### TASK OBJECTIVE
Transcribe all data verbatim. Skip the pictures.

### SUPPLIED MATERIAL
========================

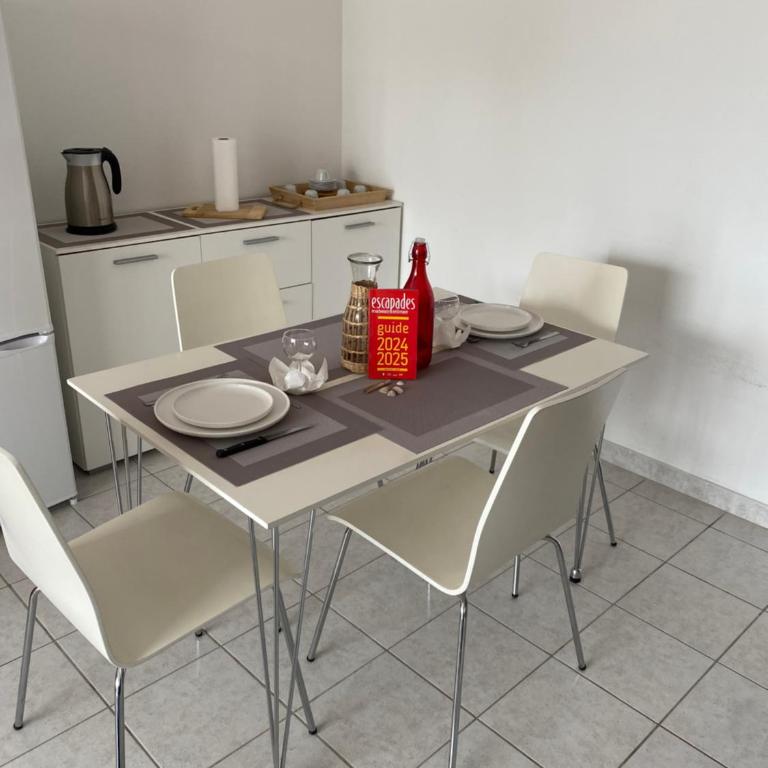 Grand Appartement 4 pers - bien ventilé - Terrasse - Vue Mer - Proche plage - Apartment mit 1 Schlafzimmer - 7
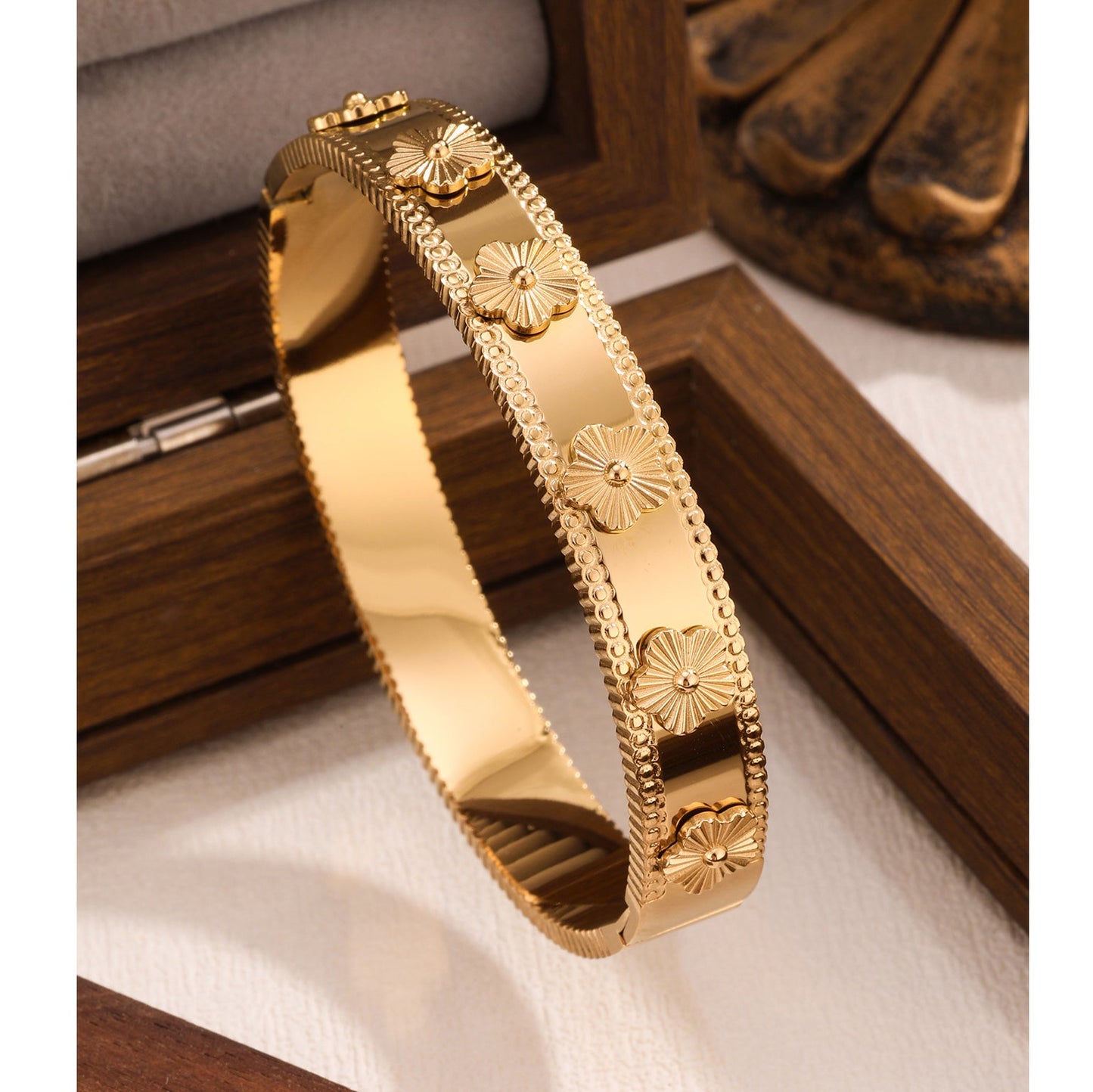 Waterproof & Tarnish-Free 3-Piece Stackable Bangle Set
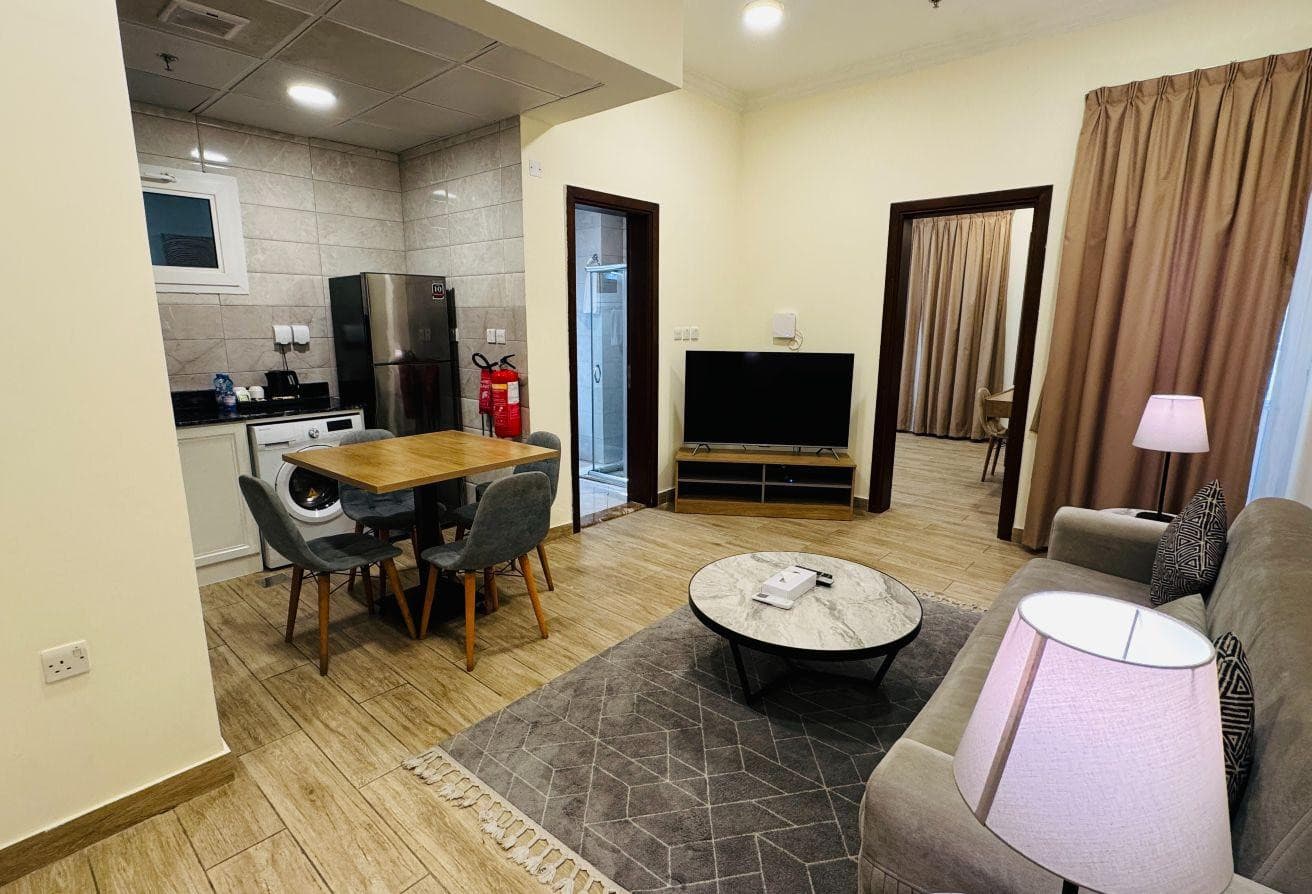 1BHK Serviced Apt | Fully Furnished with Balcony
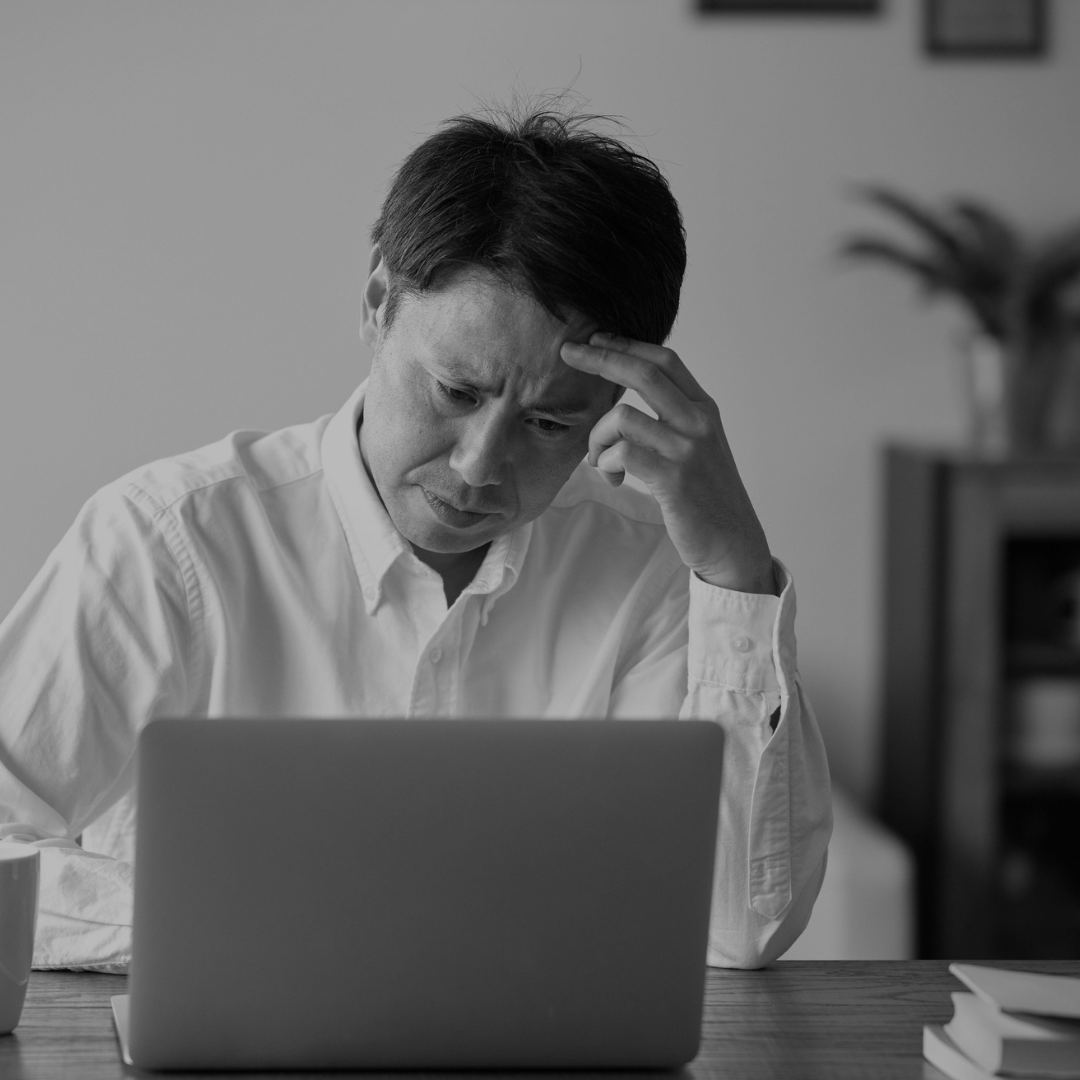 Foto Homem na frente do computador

========================

### YOUR RESPONSE
 Grand Appartement 4 pers - bien ventilé - Terrasse - Vue Mer - Proche plage - Apartment mit 1 Schlafzimmer - 7
 Waterproof & Tarnish-Free 3-Piece Stackable Bangle Set
 1BHK Serviced Apt | Fully Furnished with Balcony
 Foto Homem na frente do computador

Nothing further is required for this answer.